Leckhampstead is a village and civil parish on the downs between Wantage and Newbury. It was formerly a chapelry of Chieveley.
West of the main settlement is the smaller settlement of Leckhampstead Thicket. The hamlet of Hill Green which lies to the east of the B4494, was the original Leckhampstead until the time of the Black Death, when the few survivors moved to higher ground on the other side of the valley.
Egypt is an old place name in Hill Green.
Farm names in 1851 included: Leckhampstead, Eastley, Rookery and Town Pond.
There is also a Leckhampstead in Buckinghamshire.
Size
1,777 acres (719 hectares)
Population
399 in 1851; 343 in 2011
Poor Law union
Newbury
Registration district
Newbury
Present-day local authority
West Berkshire
Grid reference
SU 42 75
Adjoining parishes in 1851
Boxford, Brightwalton, Chaddleworth, Peasemore, Welford, Winterbourne, Chieveley
Genealogical resources
See Berks FHS Books for coverage of this parish in the society’s range of CDs.
See also Berkshire Record Office holdings.
Links
The parish council website, includes a number of historical pictures.
Published local history
In the Victoria County History Berkshire Leckhampstead is covered under Chieveley.
B H Bravery Atlee Notes on the history of Chieveley with Winterbourne, Oare and Curridge (also of Leckhampstead) together with provisional lists of those from these parishes who served in the Great War (Newbury, Blacket Turner, 1919) is held in West Berks Library.
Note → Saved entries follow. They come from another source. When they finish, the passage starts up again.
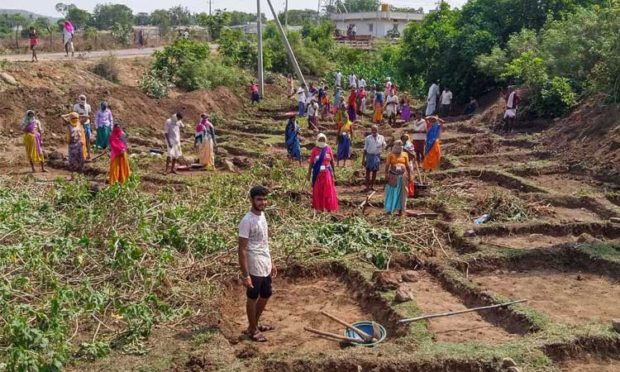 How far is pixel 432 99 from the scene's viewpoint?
948 inches

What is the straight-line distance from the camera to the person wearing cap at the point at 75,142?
13.8 meters

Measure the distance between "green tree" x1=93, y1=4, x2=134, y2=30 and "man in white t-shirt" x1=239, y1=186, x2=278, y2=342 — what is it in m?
74.0

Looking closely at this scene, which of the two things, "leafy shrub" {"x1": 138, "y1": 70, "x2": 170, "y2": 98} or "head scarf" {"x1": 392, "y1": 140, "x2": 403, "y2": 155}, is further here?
"leafy shrub" {"x1": 138, "y1": 70, "x2": 170, "y2": 98}

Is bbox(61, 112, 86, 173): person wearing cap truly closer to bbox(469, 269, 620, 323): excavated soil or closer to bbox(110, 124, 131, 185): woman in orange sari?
bbox(110, 124, 131, 185): woman in orange sari

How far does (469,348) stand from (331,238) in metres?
3.53

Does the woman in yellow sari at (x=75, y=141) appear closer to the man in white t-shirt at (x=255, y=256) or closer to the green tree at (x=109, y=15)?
the man in white t-shirt at (x=255, y=256)

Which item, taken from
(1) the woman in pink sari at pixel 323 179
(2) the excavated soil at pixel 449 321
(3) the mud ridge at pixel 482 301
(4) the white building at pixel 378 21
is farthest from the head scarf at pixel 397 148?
(4) the white building at pixel 378 21

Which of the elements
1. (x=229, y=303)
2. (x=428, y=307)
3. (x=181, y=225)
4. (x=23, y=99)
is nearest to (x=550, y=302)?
(x=428, y=307)

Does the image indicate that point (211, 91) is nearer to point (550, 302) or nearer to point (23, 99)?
point (23, 99)

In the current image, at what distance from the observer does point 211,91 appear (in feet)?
81.0

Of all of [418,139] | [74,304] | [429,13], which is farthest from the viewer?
[429,13]

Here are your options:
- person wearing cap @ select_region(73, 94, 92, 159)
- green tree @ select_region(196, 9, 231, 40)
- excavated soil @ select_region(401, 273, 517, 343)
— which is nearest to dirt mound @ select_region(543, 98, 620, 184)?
excavated soil @ select_region(401, 273, 517, 343)

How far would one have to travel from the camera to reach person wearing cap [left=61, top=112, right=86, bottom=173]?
1384cm

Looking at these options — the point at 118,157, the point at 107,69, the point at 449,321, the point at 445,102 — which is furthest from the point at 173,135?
the point at 445,102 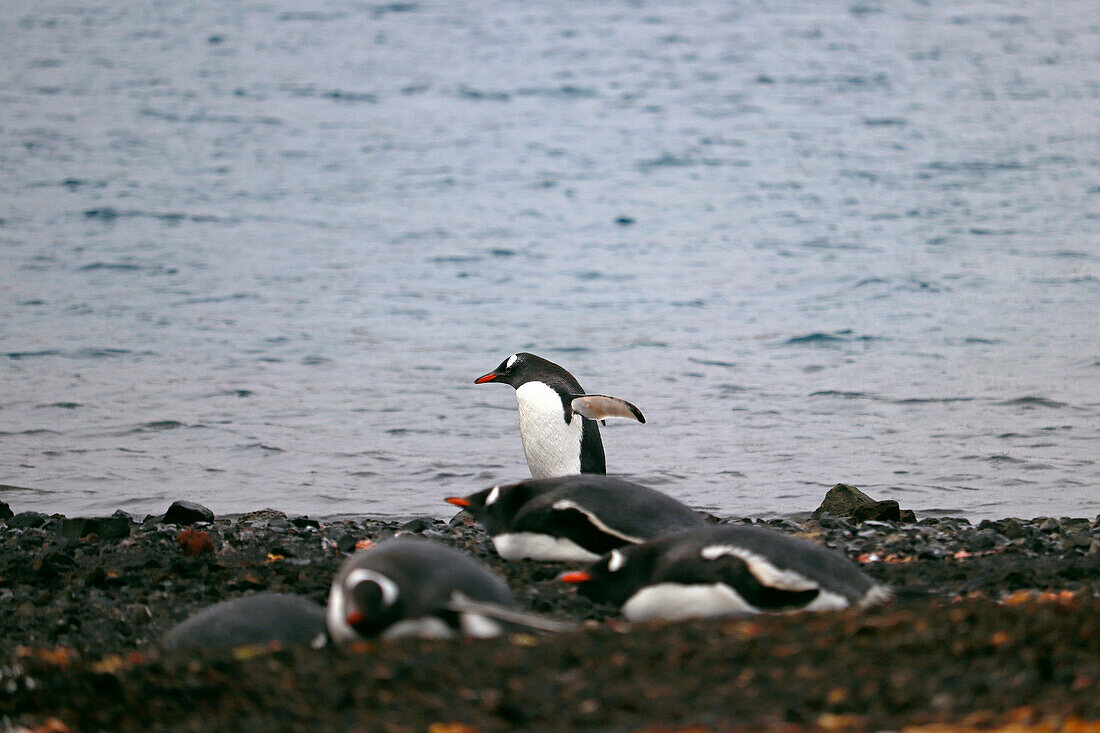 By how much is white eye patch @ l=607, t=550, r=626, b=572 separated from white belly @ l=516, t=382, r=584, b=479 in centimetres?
324

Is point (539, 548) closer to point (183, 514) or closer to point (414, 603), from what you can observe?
point (414, 603)

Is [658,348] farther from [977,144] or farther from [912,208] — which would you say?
[977,144]

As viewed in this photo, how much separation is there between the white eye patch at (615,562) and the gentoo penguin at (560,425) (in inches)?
123

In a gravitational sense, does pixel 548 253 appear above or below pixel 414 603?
→ below

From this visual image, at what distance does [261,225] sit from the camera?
21922 mm

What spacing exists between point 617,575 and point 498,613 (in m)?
1.11

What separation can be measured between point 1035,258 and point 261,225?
1334cm

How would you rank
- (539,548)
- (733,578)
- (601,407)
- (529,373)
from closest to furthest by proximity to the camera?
1. (733,578)
2. (539,548)
3. (601,407)
4. (529,373)

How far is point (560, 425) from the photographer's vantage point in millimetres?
7797

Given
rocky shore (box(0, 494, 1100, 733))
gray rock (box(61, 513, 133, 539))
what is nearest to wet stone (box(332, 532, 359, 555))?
gray rock (box(61, 513, 133, 539))

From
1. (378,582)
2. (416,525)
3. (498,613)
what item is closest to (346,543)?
(416,525)

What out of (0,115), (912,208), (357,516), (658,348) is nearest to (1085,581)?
(357,516)

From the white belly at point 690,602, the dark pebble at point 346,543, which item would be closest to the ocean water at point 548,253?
the dark pebble at point 346,543

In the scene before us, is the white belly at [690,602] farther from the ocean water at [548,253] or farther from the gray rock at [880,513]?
the ocean water at [548,253] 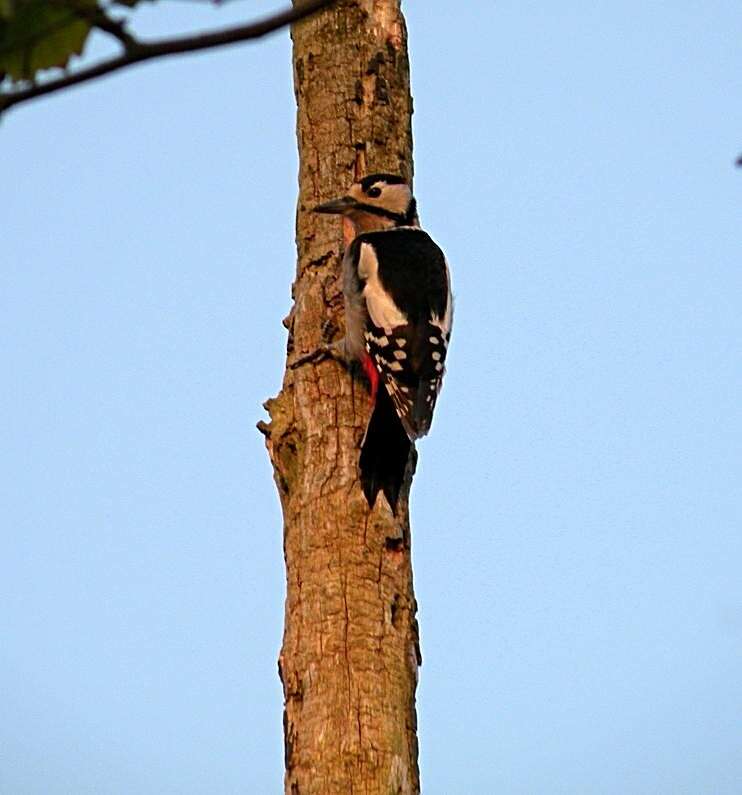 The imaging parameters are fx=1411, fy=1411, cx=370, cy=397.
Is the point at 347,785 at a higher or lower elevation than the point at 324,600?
lower

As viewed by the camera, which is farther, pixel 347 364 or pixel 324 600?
pixel 347 364

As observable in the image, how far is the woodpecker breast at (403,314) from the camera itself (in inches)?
144

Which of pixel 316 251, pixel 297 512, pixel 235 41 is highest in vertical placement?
pixel 316 251

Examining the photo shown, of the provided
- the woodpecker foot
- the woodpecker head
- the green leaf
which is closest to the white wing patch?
the woodpecker head

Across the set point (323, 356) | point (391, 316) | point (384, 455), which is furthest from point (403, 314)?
point (384, 455)

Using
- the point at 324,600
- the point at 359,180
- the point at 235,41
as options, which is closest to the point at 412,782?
the point at 324,600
Anglican church and parochial organisation
Leckhampstead was for centuries a chapelry of Chieveley, served by a curate. Today it is part of the West Downland benefice of Brightwalton with Catmore, Chaddleworth, Fawley, Leckhampstead, Great Shefford with Shefford Woodlands and Welford with Wickham. This benefice lies within the deanery of Newbury and the archdeaconry of Berkshire, which transferred from Salisbury diocese to that of Oxford in 1836.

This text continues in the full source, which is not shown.